Le bagad de la place Taksim
capture d'écran (http://www.youtube.com/watch?v=sXDLSB0LXfs)
Tout à l'heure, en regardant une image de la place Taksim d'Istanbul désormais "nettoyée", triste et cernée de policiers, j'ai repensé à ce bagad... le bagad de la place Taksim...
C'était, la semaine dernière dans le journal local, une de ces nouvelles auxquelles on n'accorde pas d'importance, ou dont on s'amuse un instant : le bagad Penhars, venu de Quimper, a défilé place Taksim, parmi les jeunes manifestants qui se sont mis à danser le "zeybek"et à battre des mains, au son des cornemuses et des bombardes bretonnes.
L'orchestre avait été invité à un festival au début du mois de juin, et, bien sûr, en raison des événements, les représentations avaient été annulées. Mais les musiciens du bagad n'avaient pas renoncé, ils avaient décidé de jouer malgré tout, ils avaient défilé dans les rues de la ville, puis ils étaient venus place Taksim. Et là, cette vieille musique des villages bretons et cette ardente jeunesse turque, accordées par l'audace et cet esprit de fête qui fondera toujours le bonheur des peuples, ont avancé ensemble, pour un moment irréel et parfait. Des binious au "zeybeck", de l'obstination des Bretons à l'indignation des Turcs, de la fête à la révolte, des vieux villages d'ici à la jeune liberté de là-bas, il n'y avait qu'un pas de danse : c'était d'une beauté, d'une évidence saisissantes.
Comme si la musique, quelle qu'elle soit, avait le pouvoir de conduire simultanément à l'espoir et à la mémoire, d'accompagner chaque homme sur son chemin, et de mener l'humanité vers ce pays natal, où tous chemins convergent.
Plus tard, j'ai vu qu'un pianiste allemand avait installé place Taksim son piano à queue, et avait joué douze heures d'affilée, "dans un souci d'apaisement", selon ses déclarations à la presse.

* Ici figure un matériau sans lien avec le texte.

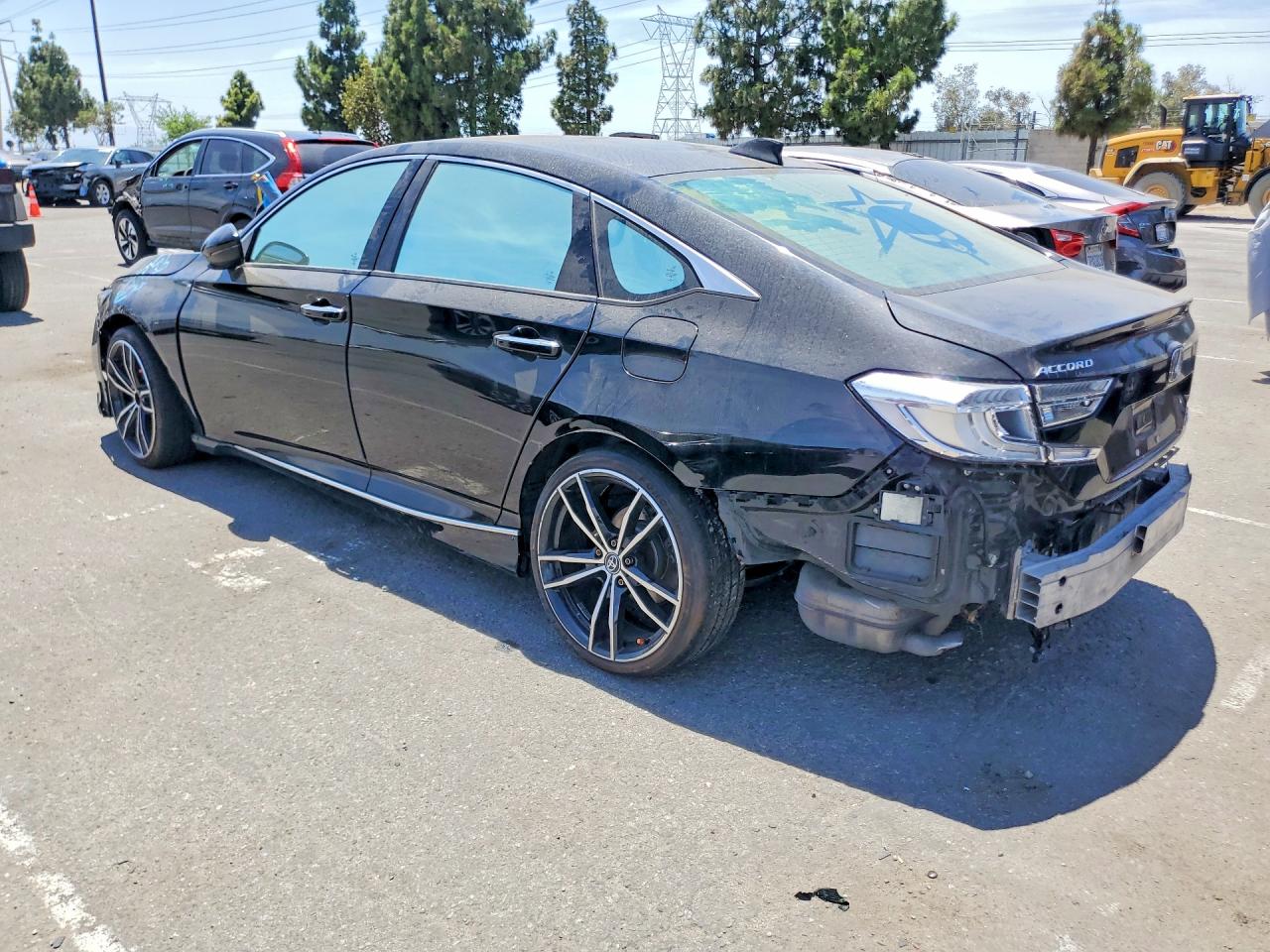 2021 Honda Accord Touring Black vin: 1HGCV2F91MA010733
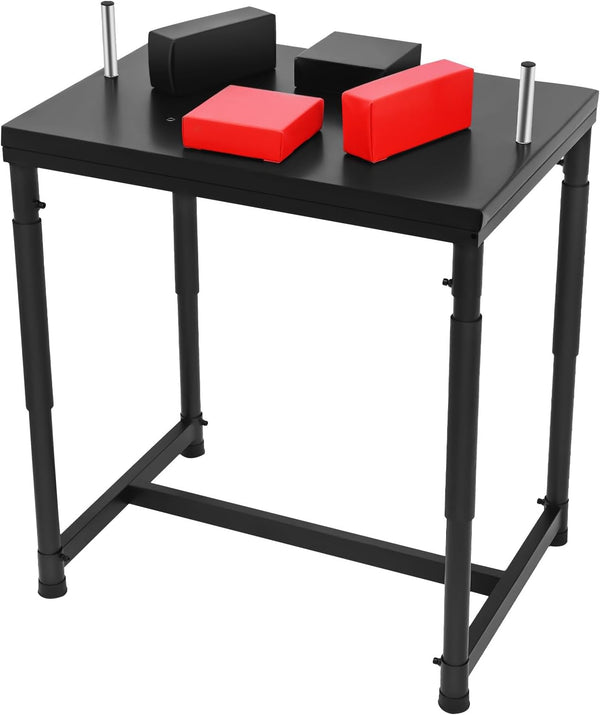 Arm Wrestling Table - Professional Battle Table,Standard Arm Wrestling Table Training Equipment,Competition Training Equipment for Home Gym & Club(Black)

Je me suis souvenue de Rostropovitch interprétant Bach devant le mur de Berlin s'écroulant.
Je me suis souvenue du violoncelliste de Sarajevo, qui joua durant tout le siège, en mémoire de tous les morts et pour l'espérance de tous les vivants.
Et je me suis dit que notre joyeux bagad quimpérois, avec ses binious, ses bombardes et ses tambours, n'avait pas fait moins qu'eux tous.